» Problem details
With the pictures omitted, print exactly the lines below, from the one containing "Glockenzelt aus Segeltuch, 5" through the one containing "High-Quality Black and", and nothing else.

» Data excerpts

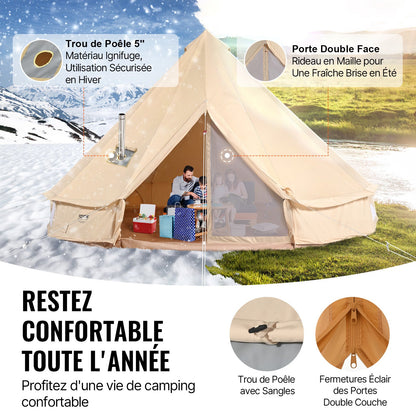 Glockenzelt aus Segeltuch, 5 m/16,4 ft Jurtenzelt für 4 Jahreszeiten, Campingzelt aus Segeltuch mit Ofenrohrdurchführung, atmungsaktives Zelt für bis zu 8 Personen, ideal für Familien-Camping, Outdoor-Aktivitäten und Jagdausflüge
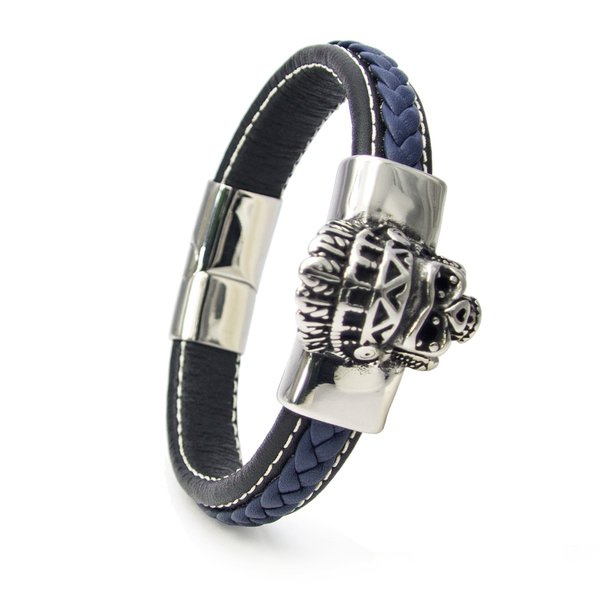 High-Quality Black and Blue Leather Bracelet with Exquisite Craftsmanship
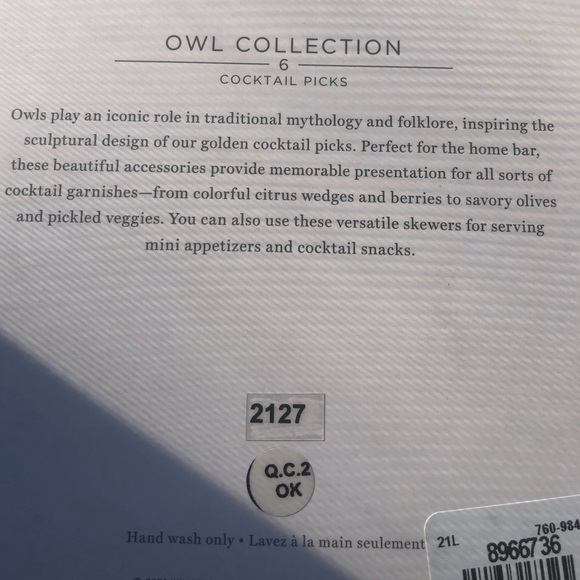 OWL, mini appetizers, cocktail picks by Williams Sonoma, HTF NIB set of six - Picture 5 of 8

--

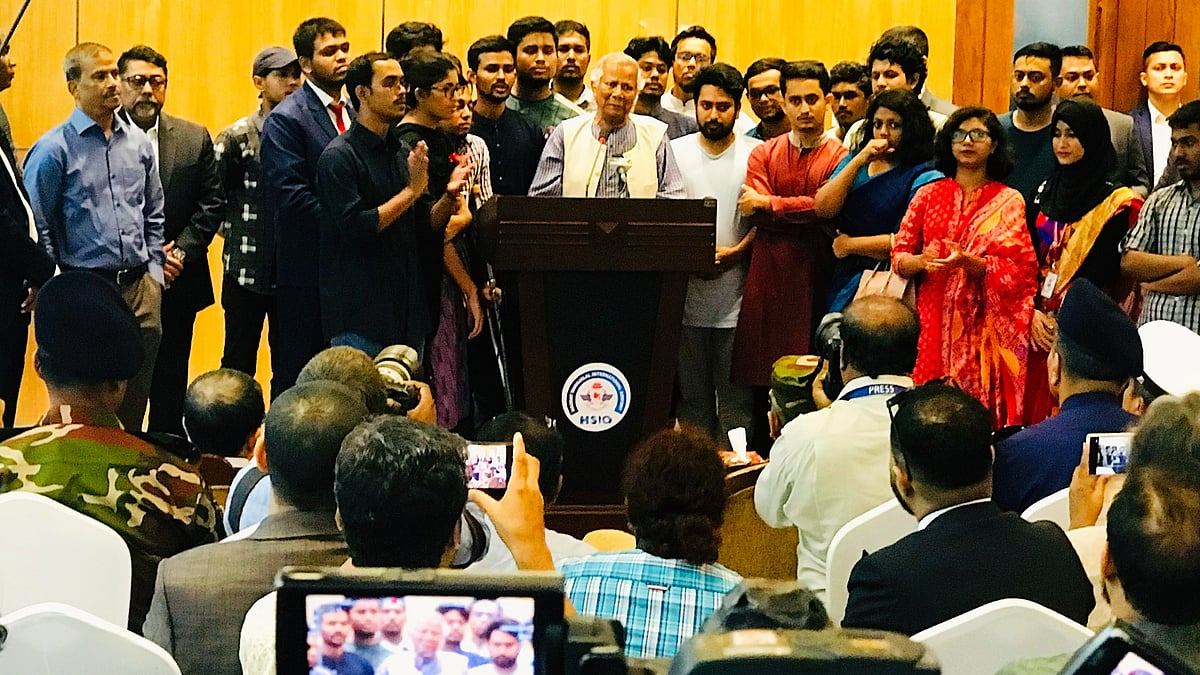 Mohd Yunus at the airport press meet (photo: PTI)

» Response to the exercise
 Glockenzelt aus Segeltuch, 5 m/16,4 ft Jurtenzelt für 4 Jahreszeiten, Campingzelt aus Segeltuch mit Ofenrohrdurchführung, atmungsaktives Zelt für bis zu 8 Personen, ideal für Familien-Camping, Outdoor-Aktivitäten und Jagdausflüge
 High-Quality Black and Blue Leather Bracelet with Exquisite Craftsmanship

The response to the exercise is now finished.